The Trolling of Foreign Secretary Vikram Misri Shows What Hate Does
Governments Must Recognise That Hate Eventually Turns Inward
May 12, 2025
Hate distorts what we expect from our governments. It teaches us to demand emotion over reason, revenge over restraint and spectacle over seriousness. It normalises irrationality. And when governments allow or tacitly support this hate to spread unchecked, it doesn’t remain focused on the supposed enemy—it turns inward, undermining public servants, weakening institutions, and sabotaging the very public interest it claims to defend. The online targeting of Foreign Secretary Vikram Misri is a clear example.
On May 11, Misri delivered a routine—though significant—statement on behalf of the Indian government. After Pakistan violated a newly brokered ceasefire, Misri made it clear that India had taken note, that violations would be met with firmness and that the ceasefire deal remained in place. This was not his personal opinion. It was a message conveyed by a career diplomat, under instruction, shaped by the realities of military and diplomatic strategy.
But that wasn’t good enough for the angry online chorus. Having been fed on hate for a long time, they no longer wanted clarity—they wanted rage. They wanted language that scorched the air. And when they didn’t get it, they turned on Misri—and then, shamefully, on his daughter.
The trolls weren’t asking whether even a fragile ceasefire could reduce deaths—of civilians and soldiers, who, like all of us, are human. They weren’t questioning whether sustained escalation would harm India’s economy, strain military resources or distract from the country’s governance challenges. They weren’t engaging with substance at all. They were looking for fury and chest-thumping. And they punished professionalism because it didn’t perform their script.
This is what hate does: it pushes people to expect violent emotion from institutions that are meant to be rational and deliberative. It makes them see restraint as weakness. It rewires public opinion so that diplomacy becomes suspect and civil servants are accused of betrayal for doing their jobs. Even family members aren’t spared, as the abuse aimed at the Foreign Secretary’s daughter Didon Misri shows. She was attacked for a law school internship years ago and accused of sympathising with the Rohingyas at the time—as if they were not human beings with the right to flee violence and seek safety.
Every government has finite time, resources and attention. When public discourse is consumed by the thirst for retaliation, the real costs of conflict are pushed aside. A military escalation is about lives lost, children orphaned, families broken and budgets redirected away from hospitals, schools and food security. A war economy doesn’t build roads or schools. It delays justice. It weakens every other promise a government owes its people.
Hate demands that these costs be ignored. It insists that nothing matters more than punishing the “other.” That’s why, when the government signals caution—even if paired with firmness—it’s branded as cowardly. That’s why a diplomat can’t just be a messenger, and policymakers can’t rely on academic rigour—they’re expected to be warriors. That’s why hate doesn’t want an honest reckoning with the trade-offs of war. It wants a show.

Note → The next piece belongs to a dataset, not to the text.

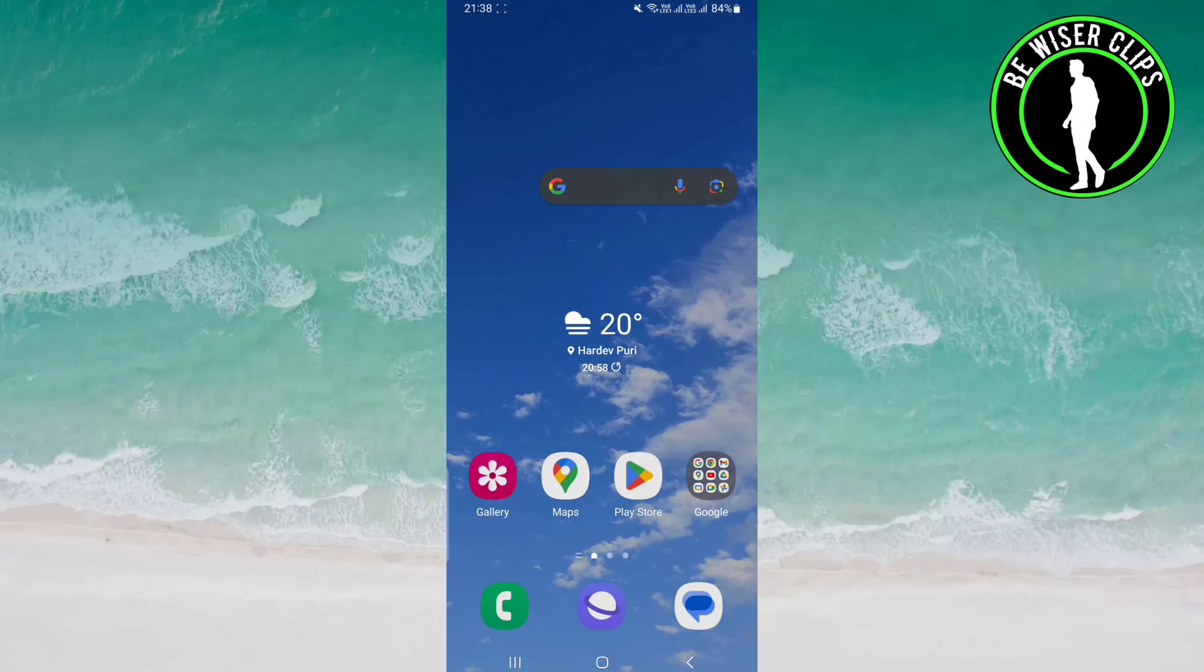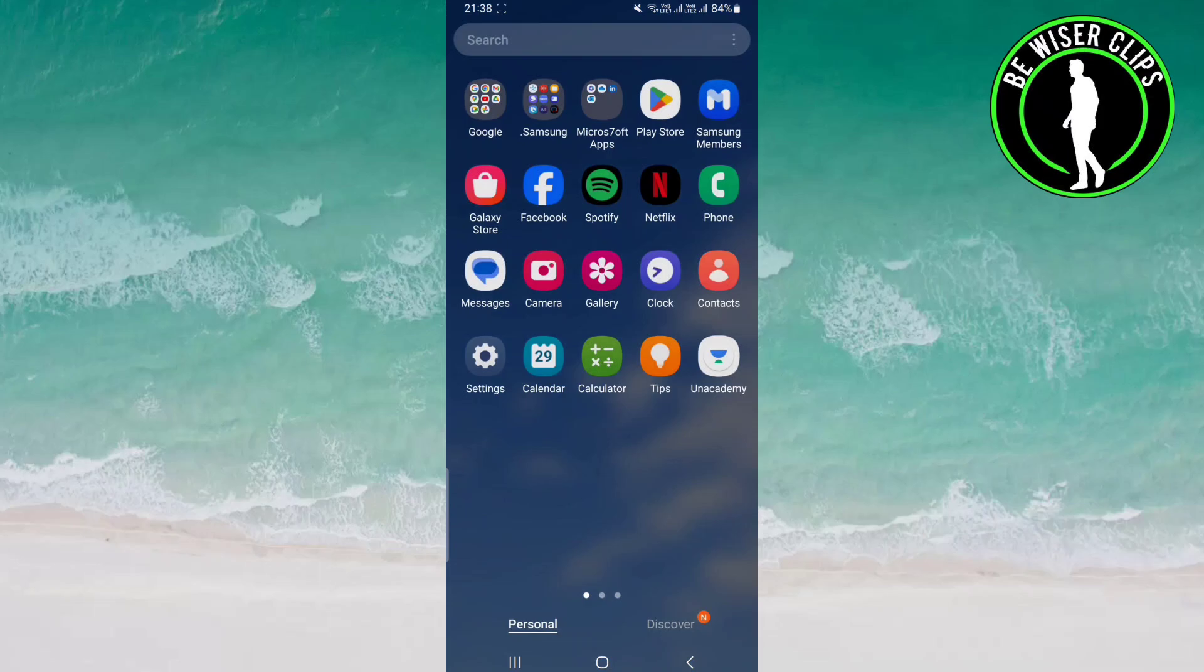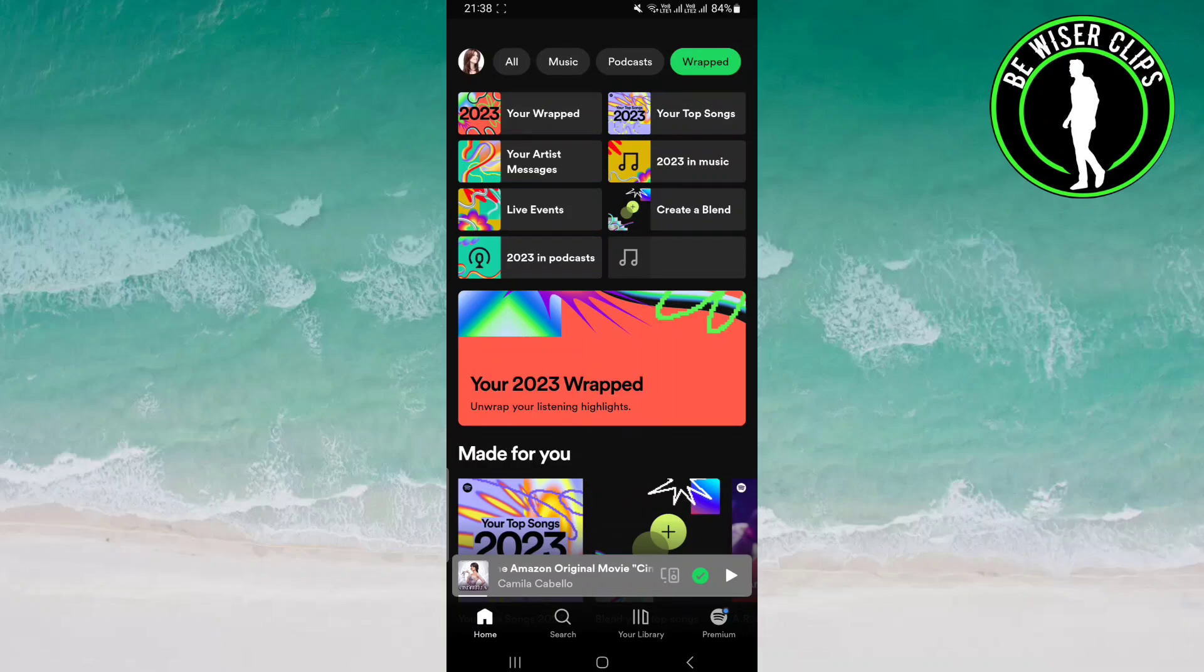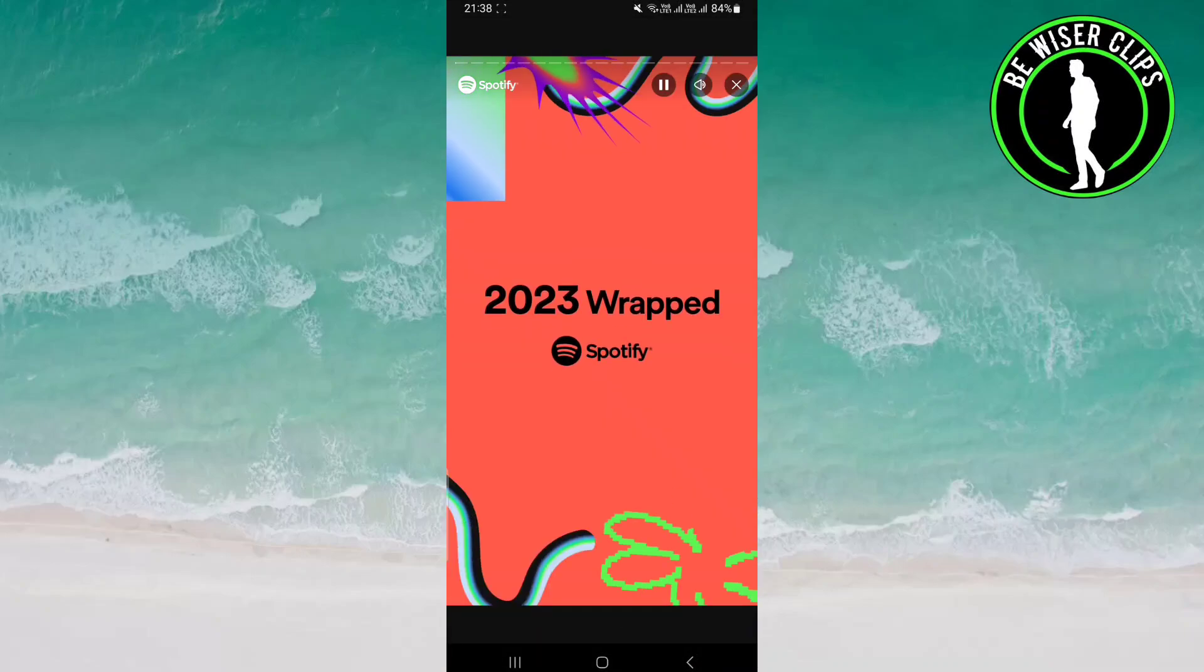Wrapped 2023? What you have to do is just open up your Spotify, and once you open it, you can see over here your 2023 Wrapped - unwrap your listening highlights. You just have to click on it,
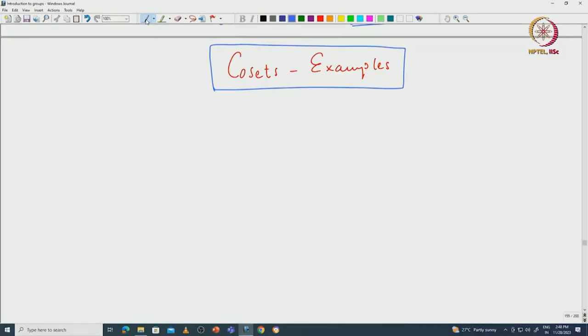Welcome back everyone. In this lecture we will talk about cosets — the notion of cosets. I will first begin with many examples and then we will later see the definition of cosets and basic properties of cosets. Let us start with some familiar examples.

But when the show turns inward—when hate finds no one else to target—it eats its own. A civil servant becomes a scapegoat. An apolitical officer becomes the target of a loyalty test. And a government that tolerates or promotes this culture of outrage eventually finds itself boxed in—unable to govern with maturity, having cultivated a public that rejects the very maturity needed for sound governance and sustained popular support.
The real casualty here is not just Misri’s peace of mind. It’s the idea that statecraft requires thought, that policy must be weighed, that national interest is something deeper than hashtags and anger. Public servants are being told not to act in the interest of the public—but in the interest of the mob. This reversal is dangerous.
When officials are punished for not sounding militant enough, when a ceasefire is taken as a betrayal, when trolls are louder than lawmakers, something fundamental is breaking. Governance is no longer about solving problems—it becomes about surviving public tantrums. That’s no way to run a country.
Let’s not shame competence, degrade service, or turn the citizen from participant to spectator—cheering destruction without asking who pays for the rubble. Because if hate continues to rule the public square, the costs won’t be borne by Pakistan, or any foreign enemy. They’ll be borne by India—its citizens, its institutions and the professionals who once kept the machine running.